Catch of the Year of the Week: D.K. Metcalf

Surprise! An Ole Miss receiver did something incredible. Metcalf hauled in 5 receptions against Kent State on just 6 targets, the best of which required a single oversized mitt:

That listed weight of 240 pounds might be a stretch, but yeah, not by much. This guy should already be playing on Sundays.


… and the worst.

Arkansas’ Special Teams: On paper, the Razorbacks were surprisingly competitive against Auburn, coming out ahead in terms of both total offense (290 yards to 225) and yards per play (4.1 to 3.9). They also matched the Tigers’ 13 first downs. How does a game that looks that evenly matched on a down-by-down basis turn into a 34-3 blowout? The kicking game.

The swing on the scoreboard came almost entirely via special teams, which in Arkansas’ case were abysmal from start to finish: In the first quarter alone, the Hogs allowed a 48-yard punt return that led to Auburn’s first touchdown; missed a 40-yard field goal attempt; and shanked a punt that set up Auburn’s offense in plus territory. In the second quarter, the Tigers blocked a punt, setting up a short touchdown “drive” that extended their lead to 17-0 at halftime. In the third, they responded to Arkansas’ only score of the night with an untouched, 96-yard kickoff return by Noah Igbinoghene, pushing the margin to 24-3. In the fourth, the Razorbacks allowed a 36-yard punt return that set up a field goal.

That adds up to 24 of Auburn’s 34 points that were directly attributable to special teams, on a night when the Tigers’ offense struggled to generate big plays and mounted only one sustained scoring drive that began on Arkansas’ side of the 50. If there’s any solace for the Razorbacks in the defense holding its own, it’s not much.

Missouri’s “missed” field goal: Trailing 7-0 midway through the first quarter, Missouri lined up for a 41-yard field goal attempt by Tucker McCann, which he proceeded to push juuuust a bit outside. Or … uh, did he?

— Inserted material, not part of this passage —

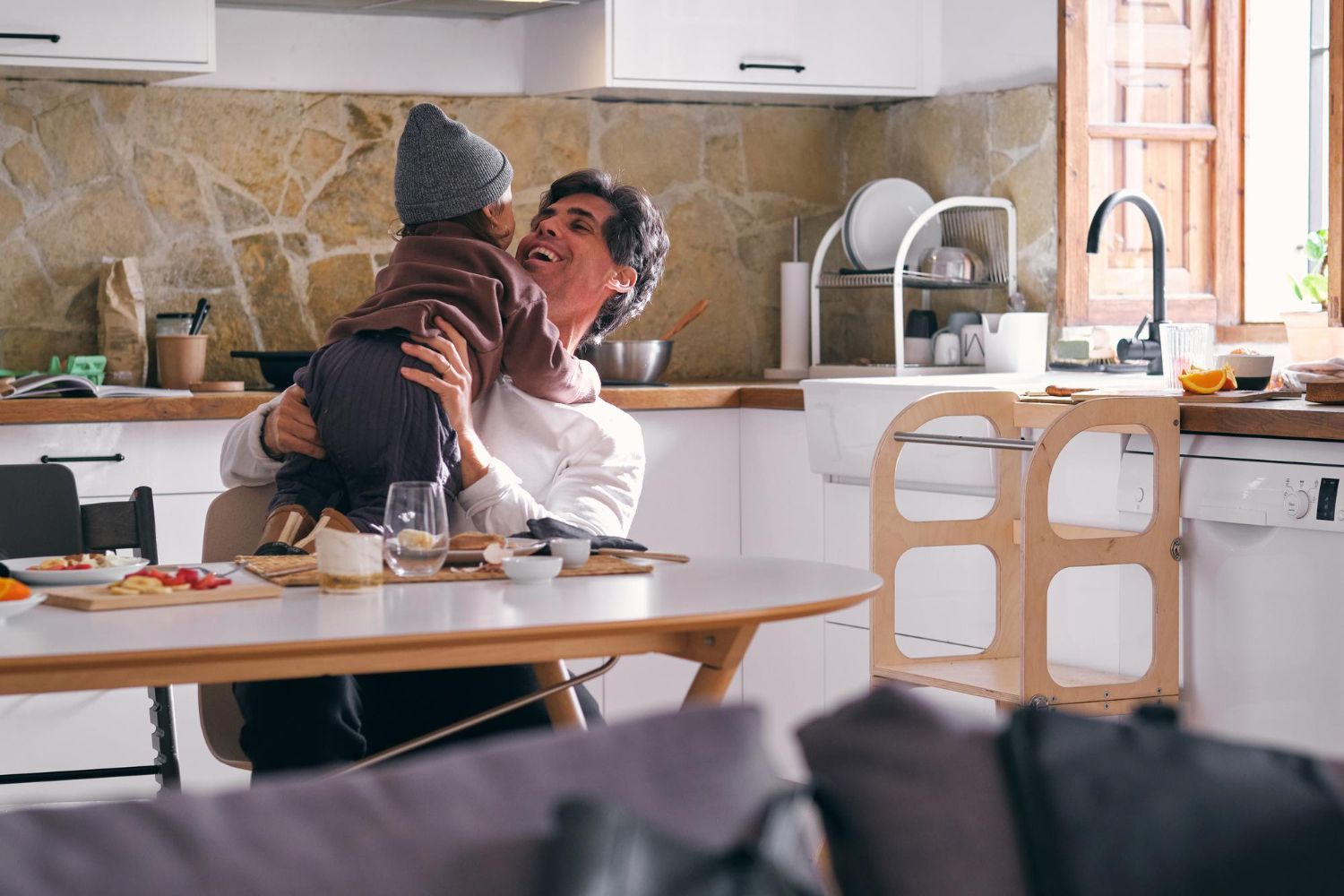 Man holding up child in a kitchen, smiling. Table with food; learning tower nearby.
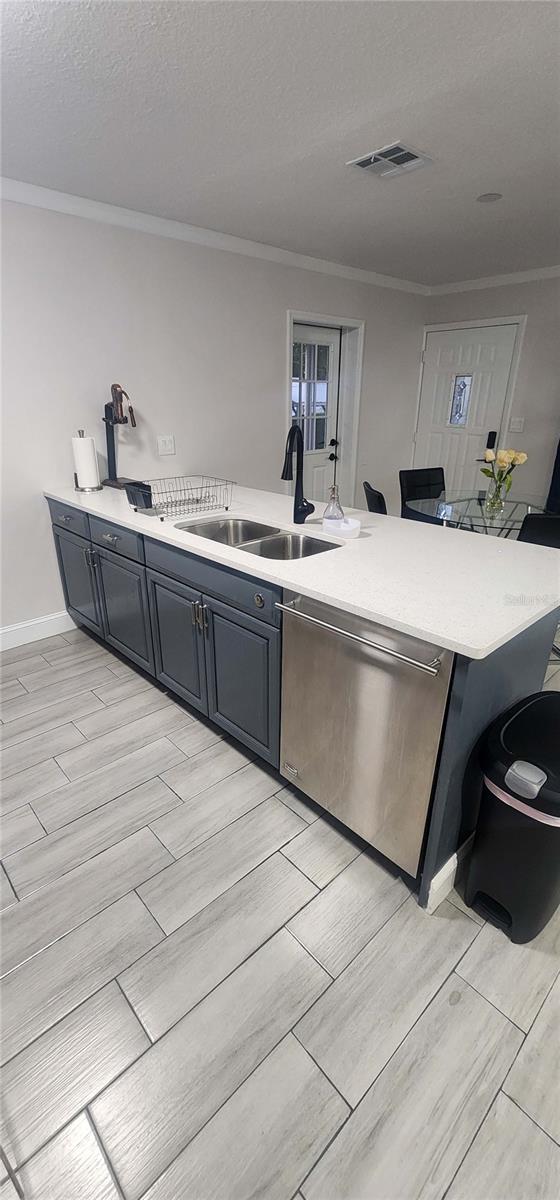 kitchen featuring stainless steel dishwasher, light hardwood / wood-style floors, and sink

(If you’re feeling like that look’s not quite definitive, note that on its way down part of the ball actually passed behind the right upright, which wouldn’t be possible from that camera angle if the kick was no good — it would pass completely over or in front of the upright, never behind it. Angles can be deceiving, but in my mind I’m more than “pretty sure.” Kick was good.)

This is the second time in three weeks an SEC crew has ruled a kick that appeared to clearly travel through uprights no good, following a similarly botched call in the Florida-Kentucky game in Week 2. Neither call affected the outcome in any discernible way, but judging field goals and PATs si supposed to be one of the few areas of officiating (along with false starts and facemasks) that’s so cut-and-dry it’s impossible to screw up, which might be why it’s not subject to review. Maybe it should be.